Suddenly, at the water's surface, a swirling. Something was underneath. Time to go.

Blackwood called out a run command to her dogs and turned to walk away. Ritka, a trained bird dog, dashed up from the water. Blackwood, a 5-foot-2 human, tripped and fell.

Out of the swirling and onto the shore launched a nearly 7-foot alligator, its eyes pinned on her. She was on her hands and knees, crawling away, when it lunged again, sinking its teeth into her calf.

Did she scream? She can't remember, although she thinks she didn't.

"It was slightly less painful than the blade of a lawn mower hitting your foot," said Blackwood, 48. "I've had a horse step on my foot. It doesn't help to scream."

What would help, she thought as the alligator tugged at her leg, would be to get away.

She reached back, stuck her hand between its jaws and tried to pry herself free. The prehistoric beast didn't let up.

As her left hand locked with the alligator's mouth, her right hand went for something more sensitive — its eye. Her thumb dug into the socket.

The gator let go.

Her leg was bleeding. Her thumb was bleeding. But she was okay. She gathered her dogs, wiped off the dirt, put a towel on her car seat and drove away.

She hated emergency rooms, and she didn't want her parents or husband to "freak," so she told them calmly.

She called her health insurance company, just to make sure she was covered, and then headed to Morton Plant Mease Hospital.

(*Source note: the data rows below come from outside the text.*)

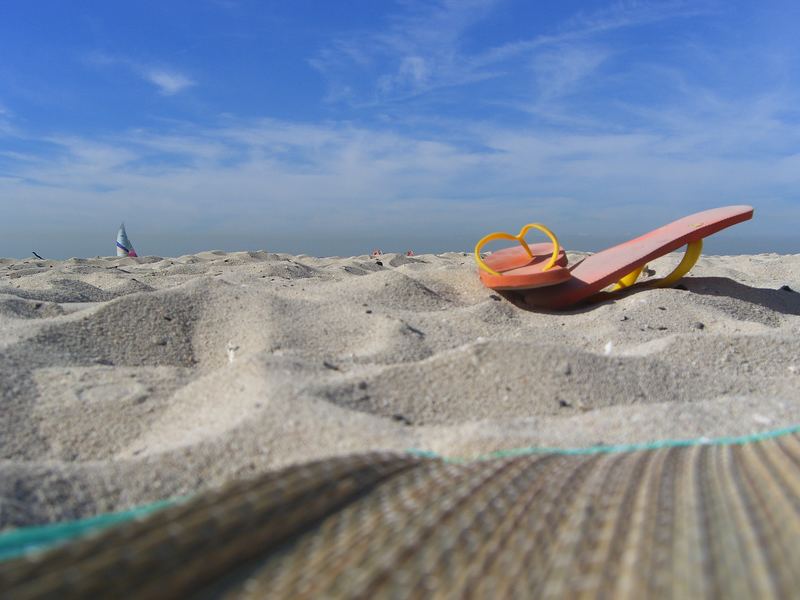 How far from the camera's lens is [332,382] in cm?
173

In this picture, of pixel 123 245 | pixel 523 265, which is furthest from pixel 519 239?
pixel 123 245

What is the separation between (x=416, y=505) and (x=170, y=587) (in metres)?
0.36

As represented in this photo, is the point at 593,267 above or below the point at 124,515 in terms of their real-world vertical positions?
above

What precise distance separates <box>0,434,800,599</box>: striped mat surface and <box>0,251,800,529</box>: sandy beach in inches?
12.4

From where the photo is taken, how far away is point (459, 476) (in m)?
1.07

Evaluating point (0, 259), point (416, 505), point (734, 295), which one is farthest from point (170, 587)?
point (0, 259)

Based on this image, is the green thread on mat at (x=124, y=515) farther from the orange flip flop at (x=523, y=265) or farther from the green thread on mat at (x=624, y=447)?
the orange flip flop at (x=523, y=265)

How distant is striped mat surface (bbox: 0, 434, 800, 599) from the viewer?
0.70 m

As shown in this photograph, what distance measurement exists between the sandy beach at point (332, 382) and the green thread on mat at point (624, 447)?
0.04 meters

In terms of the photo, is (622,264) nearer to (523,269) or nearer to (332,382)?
(523,269)

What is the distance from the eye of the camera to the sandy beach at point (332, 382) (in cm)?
131

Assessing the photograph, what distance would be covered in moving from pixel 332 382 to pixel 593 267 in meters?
2.08

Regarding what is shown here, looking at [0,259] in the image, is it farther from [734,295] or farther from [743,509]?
[743,509]

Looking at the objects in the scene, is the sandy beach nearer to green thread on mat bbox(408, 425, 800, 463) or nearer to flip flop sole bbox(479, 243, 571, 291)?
green thread on mat bbox(408, 425, 800, 463)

A large bite wound on her calf, a puncture wound on her thumb and some scratches on her hand, they told her. She got a few antibiotics, some gauze pads and dressing, and went home.

The alligator wasn't so lucky, according to Florida Fish and Wildlife Conservation Commission spokesman Gary Morse.

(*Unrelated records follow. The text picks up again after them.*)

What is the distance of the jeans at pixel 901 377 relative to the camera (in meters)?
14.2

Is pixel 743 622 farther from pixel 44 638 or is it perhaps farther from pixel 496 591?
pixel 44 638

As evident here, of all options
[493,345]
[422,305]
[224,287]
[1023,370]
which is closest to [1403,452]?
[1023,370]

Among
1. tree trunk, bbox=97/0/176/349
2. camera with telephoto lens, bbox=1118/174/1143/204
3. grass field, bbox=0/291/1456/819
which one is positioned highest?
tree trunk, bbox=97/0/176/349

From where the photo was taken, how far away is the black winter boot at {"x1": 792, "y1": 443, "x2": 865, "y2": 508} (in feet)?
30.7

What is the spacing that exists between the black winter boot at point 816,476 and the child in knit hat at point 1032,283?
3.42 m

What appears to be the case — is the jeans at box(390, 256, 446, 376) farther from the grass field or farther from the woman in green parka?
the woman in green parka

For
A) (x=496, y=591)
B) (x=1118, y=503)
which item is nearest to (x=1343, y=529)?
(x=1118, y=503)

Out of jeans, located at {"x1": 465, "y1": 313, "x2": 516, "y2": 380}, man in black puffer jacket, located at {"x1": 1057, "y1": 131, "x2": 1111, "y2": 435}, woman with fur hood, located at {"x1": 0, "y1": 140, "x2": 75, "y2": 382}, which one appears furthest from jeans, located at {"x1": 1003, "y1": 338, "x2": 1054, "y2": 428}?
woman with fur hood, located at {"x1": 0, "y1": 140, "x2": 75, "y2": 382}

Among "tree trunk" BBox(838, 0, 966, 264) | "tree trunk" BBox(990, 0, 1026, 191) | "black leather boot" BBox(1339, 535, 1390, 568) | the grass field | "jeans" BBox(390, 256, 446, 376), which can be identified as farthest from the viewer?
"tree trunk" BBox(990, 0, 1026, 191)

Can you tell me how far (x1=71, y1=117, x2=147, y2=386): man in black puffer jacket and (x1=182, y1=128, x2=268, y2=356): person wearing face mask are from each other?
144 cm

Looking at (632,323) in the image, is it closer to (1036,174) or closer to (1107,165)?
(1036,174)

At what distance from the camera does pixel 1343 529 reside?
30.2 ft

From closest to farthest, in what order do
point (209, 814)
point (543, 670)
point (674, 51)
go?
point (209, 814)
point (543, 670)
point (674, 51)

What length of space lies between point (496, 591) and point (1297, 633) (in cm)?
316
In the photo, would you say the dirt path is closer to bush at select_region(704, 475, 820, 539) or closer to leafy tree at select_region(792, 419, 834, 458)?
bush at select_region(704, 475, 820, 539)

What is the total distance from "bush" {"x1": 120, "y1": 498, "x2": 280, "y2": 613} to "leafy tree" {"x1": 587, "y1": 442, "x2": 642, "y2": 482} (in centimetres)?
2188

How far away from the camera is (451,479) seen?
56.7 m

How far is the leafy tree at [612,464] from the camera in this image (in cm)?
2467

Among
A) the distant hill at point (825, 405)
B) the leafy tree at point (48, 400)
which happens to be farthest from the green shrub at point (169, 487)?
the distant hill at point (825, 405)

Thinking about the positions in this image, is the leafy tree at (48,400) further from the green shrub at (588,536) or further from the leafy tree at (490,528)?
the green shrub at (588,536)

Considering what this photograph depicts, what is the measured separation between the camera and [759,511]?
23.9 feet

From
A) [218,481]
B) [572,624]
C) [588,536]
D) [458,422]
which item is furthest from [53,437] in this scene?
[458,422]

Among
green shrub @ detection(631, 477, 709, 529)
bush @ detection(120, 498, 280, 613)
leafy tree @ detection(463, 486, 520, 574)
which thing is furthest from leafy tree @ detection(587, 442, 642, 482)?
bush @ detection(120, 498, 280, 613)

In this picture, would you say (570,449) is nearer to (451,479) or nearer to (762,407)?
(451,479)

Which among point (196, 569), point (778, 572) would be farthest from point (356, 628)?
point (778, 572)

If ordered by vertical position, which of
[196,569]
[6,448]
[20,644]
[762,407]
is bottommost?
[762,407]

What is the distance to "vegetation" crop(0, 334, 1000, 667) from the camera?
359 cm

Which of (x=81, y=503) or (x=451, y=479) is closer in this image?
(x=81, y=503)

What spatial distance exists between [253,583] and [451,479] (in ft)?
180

A trapper, using the bite marks as a guide to what to look for, caught the 10- to 12-year-old gator late Tuesday.

Its meat and hide will be sold and the profit will go to the state's nuisance alligator program.

So how do we, potential entrees, respond knowing there are malicious creatures lurking in our lakes? We stop feeding them.

"These gators that tend to not be afraid of people tend to be the ones who come running when you throw the bait," Morse said. "They come to you, and this one did that without any hesitation."

It also helps, he said, to keep your pets on solid ground. To alligators, they look like prey.

Blackwood, who has a doctorate in marine sciences and is familiar with alligators, said she plans to go back to Sawgrass Lake Park — eventually.

She doesn't hold a grudge.

"I'm actually more angry at the person who fed him," she said. "The alligator was acting like an alligator."